- Born: March 5, 1973 (age 53) Montreal, Quebec, Canada
- Occupation: Cinematographer
- Awards: Canadian Screen Award for Best Cinematography

= Nicolas Bolduc =

Canadian cinematographer

Nicolas Bolduc (born 5 March 1973) is a Canadian cinematographer from Montreal, Quebec.
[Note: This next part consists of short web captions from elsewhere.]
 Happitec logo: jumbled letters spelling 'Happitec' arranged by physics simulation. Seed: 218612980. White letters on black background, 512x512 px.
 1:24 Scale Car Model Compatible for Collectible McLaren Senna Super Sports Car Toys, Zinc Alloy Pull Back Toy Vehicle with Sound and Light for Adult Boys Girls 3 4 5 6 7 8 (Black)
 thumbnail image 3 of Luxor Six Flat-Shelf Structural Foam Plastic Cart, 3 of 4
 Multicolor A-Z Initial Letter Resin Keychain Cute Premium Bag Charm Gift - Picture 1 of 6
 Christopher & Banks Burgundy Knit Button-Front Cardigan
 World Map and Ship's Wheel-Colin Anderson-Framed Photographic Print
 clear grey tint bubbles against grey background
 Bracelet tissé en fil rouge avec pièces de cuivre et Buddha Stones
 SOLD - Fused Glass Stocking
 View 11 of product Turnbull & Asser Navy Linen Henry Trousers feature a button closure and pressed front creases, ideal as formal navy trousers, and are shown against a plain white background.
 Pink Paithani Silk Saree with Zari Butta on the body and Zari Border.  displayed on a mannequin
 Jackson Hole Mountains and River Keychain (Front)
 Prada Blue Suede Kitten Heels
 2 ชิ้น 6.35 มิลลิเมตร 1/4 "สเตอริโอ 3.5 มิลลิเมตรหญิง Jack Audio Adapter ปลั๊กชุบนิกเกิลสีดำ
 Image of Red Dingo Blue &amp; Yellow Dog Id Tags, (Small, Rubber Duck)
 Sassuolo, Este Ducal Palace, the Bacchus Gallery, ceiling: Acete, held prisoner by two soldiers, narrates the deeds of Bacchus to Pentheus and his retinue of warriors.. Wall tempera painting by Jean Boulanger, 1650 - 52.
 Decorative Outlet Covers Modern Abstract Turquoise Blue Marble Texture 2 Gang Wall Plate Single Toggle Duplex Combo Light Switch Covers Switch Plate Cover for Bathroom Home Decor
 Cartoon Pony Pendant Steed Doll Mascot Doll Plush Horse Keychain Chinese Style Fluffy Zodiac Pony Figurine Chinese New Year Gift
He won the Canadian Screen Award for Best Cinematography two years in a row, in the 1st Canadian Screen Awards and 2nd Canadian Screen Awards, for War Witch (2012) and Enemy (2013). He also won the Jutra Award for War Witch, and was nominated the next year for Louis Cyr. Bolduc was nominated for Best Cinematography at the Prix Iris in 2017 for Two Lovers and a Bear.

With Hochelaga, Land of Souls (2017), he competed at Camerimage, and won Best Cinematography at the 6th Canadian Screen Awards. He also won Best Cinematography at the 20th Quebec Cinema Awards for Hochelaga, Land of Souls.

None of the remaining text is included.